Famoso por seus apelidos jocosos, o presidente esperava que o STF “cagasse” para o destino ignorado do dinheiro usado em compra de votos, uma espécie de “Mensalão” turbinado. Ou “bolsolão”.

O deputado federal Alessandro Molon (PSB-RJ), líder da oposição, por exemplo, afirmou que a revelação do “orçamento secreto” no Congresso é o episódio mais grave que já aconteceu no Legislativo.

“Eu considero esse orçamento paralelo ou secreto o que eu já vi de mais grave na minha experiência no Parlamento. Nunca vi um esquema nesse volume de recursos”. Alessandro Molon.

Antes da votação ter avançado, o presidente da Câmara dos Deputados, Arthur Lira (PP-AL), pediu a revogação da decisão da ministra. Ele se manifestou ao STF dizendo que a decisão da ministra seria “uma afronta ao princípio da separação de poderes”.

O presidente do Congresso, Arthur Lira (PP-AL), ao lado do presidente do STF, ministro Luis Fux

Arthur Lira, para constar, foi apenas coerente com sua retórica. Há duas semanas, por exemplo, ele já havia criticado em plena sessão do Plenário, o relatório da CPI da Pandemia do Senado.

“Para mim, é motivo de grande indignação como presidente da Câmara e como cidadão brasileiro tomar conhecimento das conclusões encaminhadas pelo relator da CPI da Covid do Senado Federal. É inaceitável, repito, inaceitável a proposta de indiciamento de deputados desta Casa no relatório daquela comissão parlamentar de inquérito”. Arthur Lira.

Ele foi além e afirmou que o relator da CPI, Renan Calheiros, teria errado ao equiparar parlamentares com pessoas comuns. Assim sendo, o que é uma ministra do STF suspendendo uma escancarada compra bilionária de votos, através de um “orçamento secreto”?

Emendas

As emendas são “propostas por meio das quais os parlamentares podem opinar ou influir na alocação de recursos públicos em função de compromissos políticos que assumiram durante seu mandato, tanto junto aos estados e municípios quanto a instituições”.

Na prática, elas costumam ser usadas para destinar dinheiro a obras e projetos nas bases eleitorais dos parlamentares, o que acaba aumentando o capital político deles.

Por isso que quem vota com os interesses do governo Bolsonaro, ganha mais verbas.
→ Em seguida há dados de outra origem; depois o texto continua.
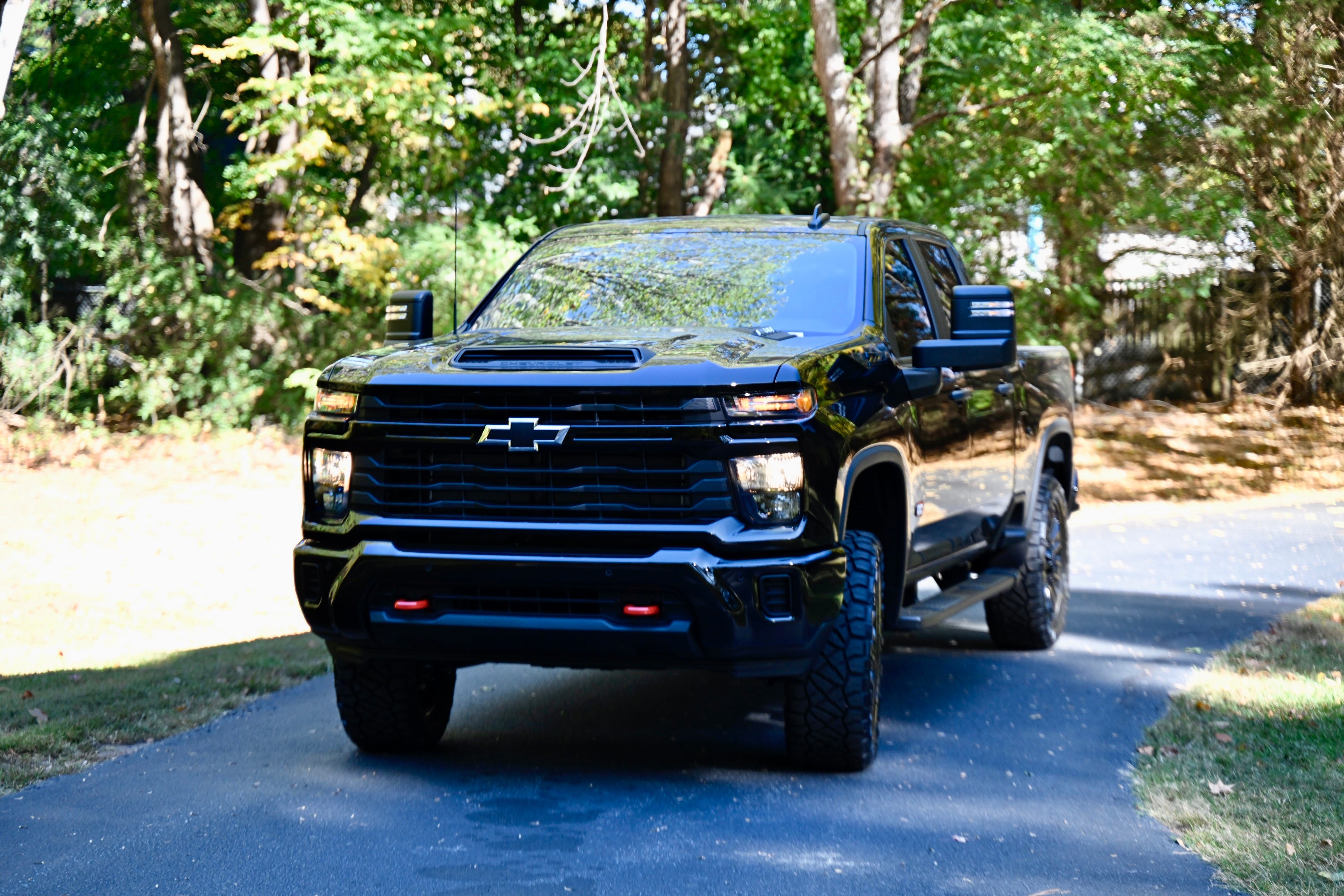 2026 Chevrolet Silverado 2500HD Custom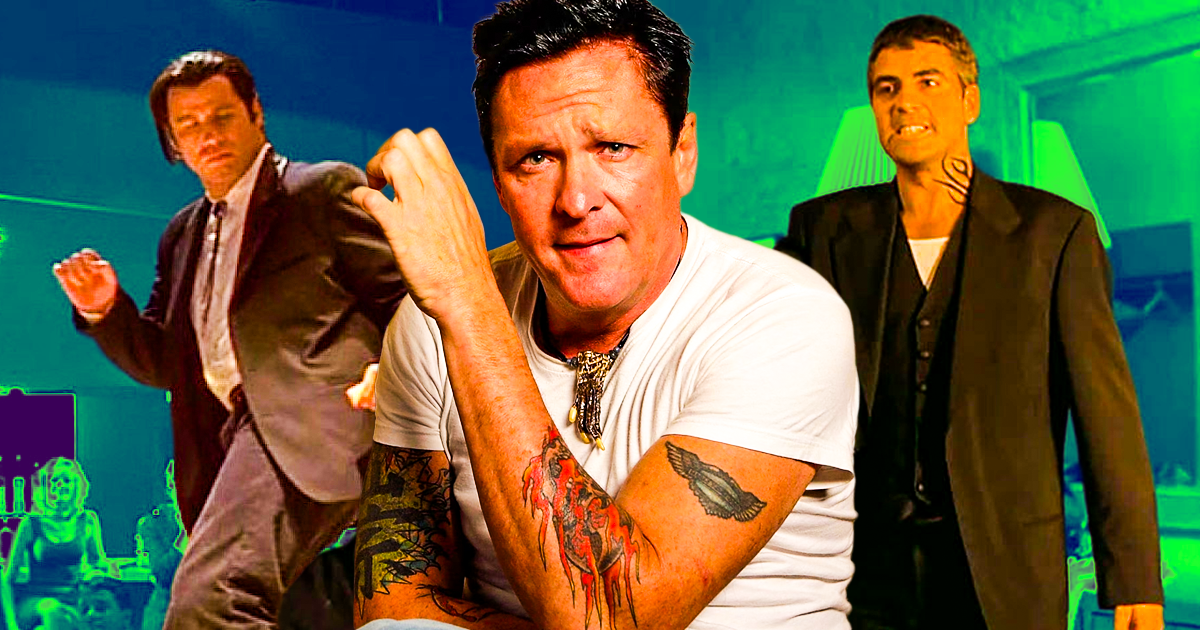 Top 5 Movie Roles That Michael Madsen Turned Down Top 5 Movie Roles That Michael Madsen Turned Down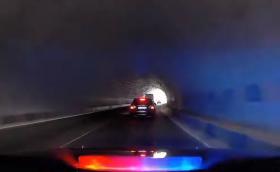 Ето така действа румънската полиция под прикритие (Видео)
Quem vota contra, não leva. Apresentadas ao STF em maio desse ano, as ações questionam a validade das emendas de relator, uma das ferramentas usadas por deputados e senadores para reverter parte do orçamento a suas bases políticas.

O instrumento, que leva o nome técnico de RP9, foi suspenso por Weber devido à falta de transparência, já que esse tipo de emenda não permite a identificação individual dos autores dos pedidos de aplicação de verba e o respectivo destino do dinheiro. Foi pela dificuldade em rastrear os gastos que o dispositivo ficou conhecido como orçamento secreto.